Another area in which we face the prospect of calculational chaos is health care. By wildly subsidizing and stimulating the demand for health care services of selected special interest groups beginning in the mid-1960s, the United States government precipitated a never ending and catastrophic upward-spiral of health care costs.
In addition, the irrational and labyrinthine structure of regulations and prohibitions imposed by government on the industry has massively distorted resource allocation, restricted supply, and further driven up the costs of medical care. The tragic but predictable result of such intervention is that many of the unsubsidized members of society have been effectively priced out of the market for health care. The simple and humane solution to this tragedy is to quickly terminate these antisocial subsidies and dismantle the destructive regulatory structure, permitting the competitive price appraisement and resource allocation process too operate unimpeded.

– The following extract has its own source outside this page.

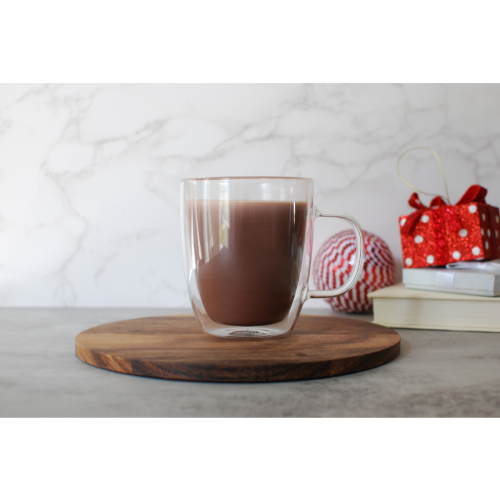 Metabolic Web Store MRC Creamy Hot Chocolate Protein Drink in a clear mug with holiday presents in the background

But, of course, the internal dynamic of the welfare state is never to retrench and risk disaffection of its pampered and powerful constituencies, for example, the American Medical Association, the American Association for Retired Persons, the entrenched bureaucracies of nonprofit hospitals, and so on. And so we face the prospect of “national health care insurance” which is a euphemism for the thoroughgoing socialization of the health care sector, with its resultant shortages, further suppression of competitive incentives, and deterioration of quality. But this is simply another example of the mad logic of the welfare state: since the government produces nothing that is valuable in terms of social appraisement, it can only supply welfare to some by siphoning off the resources and destroying the economic arrangements that support the welfare of others. In attempting to repair the politically unpopular destruction of its earlier policies, it is driven to further isolated acts of destruction until it arrives, with cruel and ultimate irony, at the policy for the systematic destruction of society and human welfare, that is, socialism.
That was from Joseph Salerno’s postscript to Mises’ essay “Economic Calculation in the Socialist Commonwealth.” This essay, first published in 1920, details why economic calculation is impossible in a system without private ownership of the means of production. As Salerno concludes his postscript, “[Mises' essay] surely ranks among the most important economic articles written this century.” This should be required reading in America’s high schools.